For The People
For all the bluster, slights, and insults, aside from tax relief for the wealthy, there was little legislative action to match the heated rhetoric of the Trump years. By contrast, in just a few weeks of a publicly quiet administration (is anyone else as relieved as I am to not have all the Twitter-drama?), Joe Biden has moved some of the biggest and most important legislation through Congress since LBJ. The Voting Rights Act of 1965 wasn’t just Johnson’s or the bipartisan legislature’s triumph; it was a triumphal moment in American history. Coupled with the Civil Rights Act of 1964, they sought to close the book on the inequality of Jim Crow once and for all. It’s no surprise that racism’s gravitational pull is so hard to escape, but it is disappointing that we have to relearn that lesson with such frequency.
Last week, HR-1, known as the “For the People Act,” passed the House along party lines, but won’t go anywhere in the Senate because of the filibuster, a device that requires 60 votes to do anything at all in the Senate. If you wonder why the Senate has done nothing in years, the answer is the filibuster. The Dems can’t muster the votes to kill the filibuster, so HR-1, while noble, is a dead letter.
It’s a shame too, because the bill is designed to restore much of the Voting Rights Act that the Supreme Court undid:
•it would put a stop to the partisan gerrymandering that allows representatives to pick their voters instead of the other way around;
•eliminate “dark money” from political campaigns by making contributors disclose their identities;
•squeeze some of the money out of politics with a public option to fund congressional campaigns.
Lobbying for the bill, its author, John Sarbanes (D-MD), said, “You can win on the basis of your ideas and the programs you put forward, which is what we choose to do, or you can try to win by suppressing the vote, drawing unfair districts across the country and using big money to spread disinformation.”
At both the state and national levels, the GOP is using the thoroughly debunked Big Lie that Joe Biden “stole” the election as their excuse for a laundry list of ways to keep minorities from voting.
Voter suppression has three major components that have historically been used to keep would-be legal voters at bay:
Before a single ballot is cast, suppress the vote by making registration as hard as possible.
On Election Day, discourage participation by a combination of lies and intimidation: say the election is next week; lie about polling hours; reduce the numbers of polls, and the hours of operation; intimidate would-be voters at the polls with a show of force. (In days past, it was the Ku Klux Klan; today it’s the Proud Boys, the Three Percenters and the Q-crowd.)
Failing the above, after the election, cry fraud, sue, and if legal objections fail, change state laws—as Republicans in forty-three states are trying to do today—by restricting times, places and methods for early voting, limiting vote-by-mail, and absentee-ballots, in effort that Aunna Dennis, the Georgia executive director of the good-government watchdog group, Common Cause, calls “Jim Crow with a suit and tie.”
They cry fraud with no evidence, but unlike bygone eras, they have the support of a mighty right-wing media infrastructure that perpetuates the lie.

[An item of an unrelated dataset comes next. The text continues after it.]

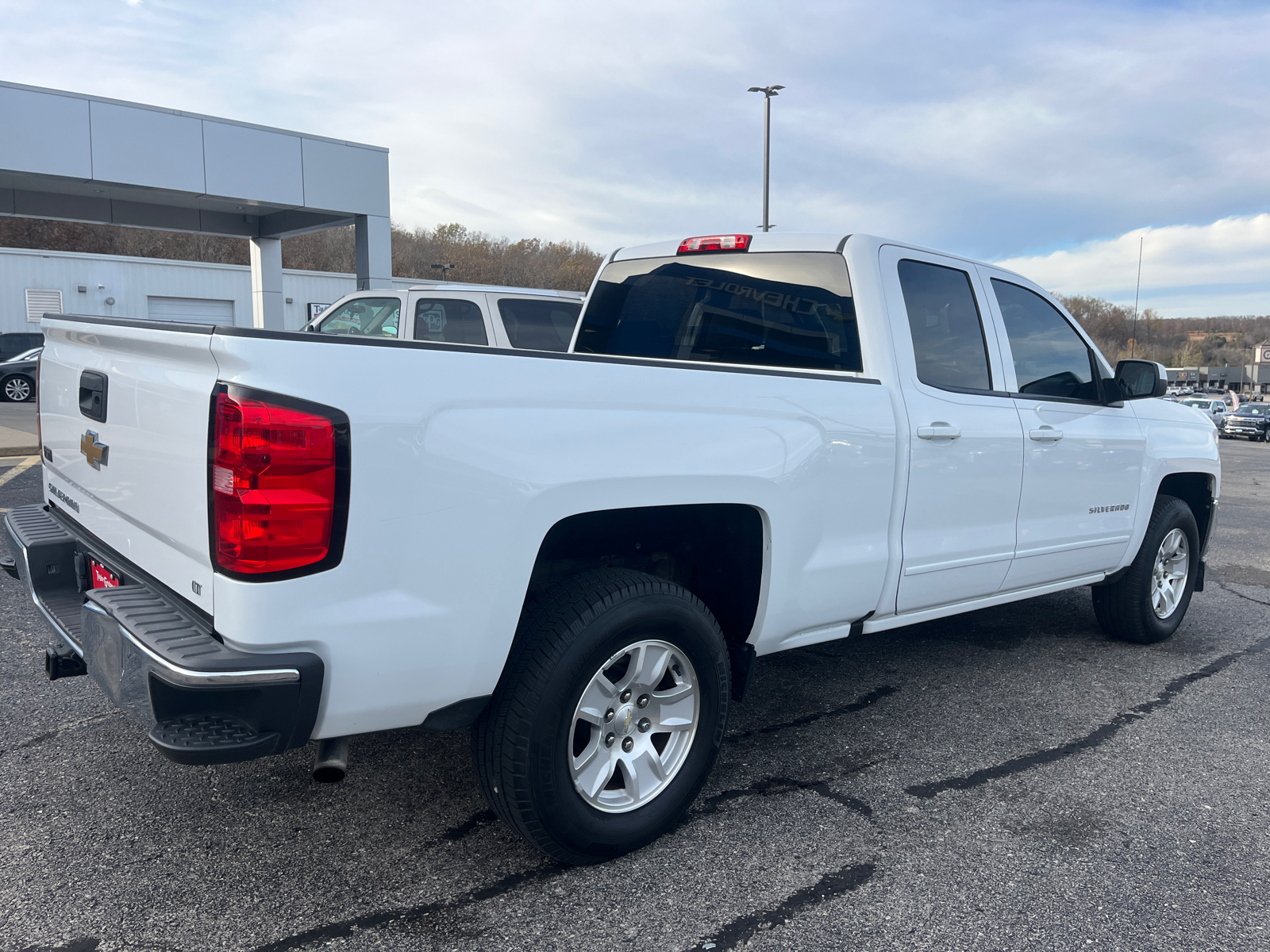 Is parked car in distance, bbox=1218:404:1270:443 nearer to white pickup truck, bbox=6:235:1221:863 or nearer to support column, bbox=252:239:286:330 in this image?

An especially obvious and ugly racist action has them trying to end Sunday early voting where Black churches use busses to take “souls to the polls,” helping people who don’t have transportation or the ability to leave work to vote on Election Day.
It is worth noting that California and Utah, political polar opposites, both go out of their way to register everyone and encourage the use of absentee and mail-in ballots. Neither has suffered from their inclusive voting decisions.
President Benjamin Harrison lost the popular vote in 1888 due to voter suppression in the South. Henry Cabot Lodge, then Chairman of the House Elections Committee wrote, “The government which made the Black man a citizen is bound to protect him in his rights as a citizen of the United States, and it is a cowardly government if it does not do it! No people can afford to write anything into their Constitution and not sustain it. A failure to do what is right brings its own punishment to nations as to men.”
Senator Raphael Warnock (D-GA), who leads the storied Ebenezer Baptist Church, would like to call the bill the “John Lewis Voting Rights Act” after his friend and congregant, the civil rights icon who wrote most of the bill before he died last year.
Whatever you call it, HR1 is designed to make sure all eligible Americans are allowed to exercise the franchise, an idea that should delight, but instead, puts fear in the hearts of Republicans.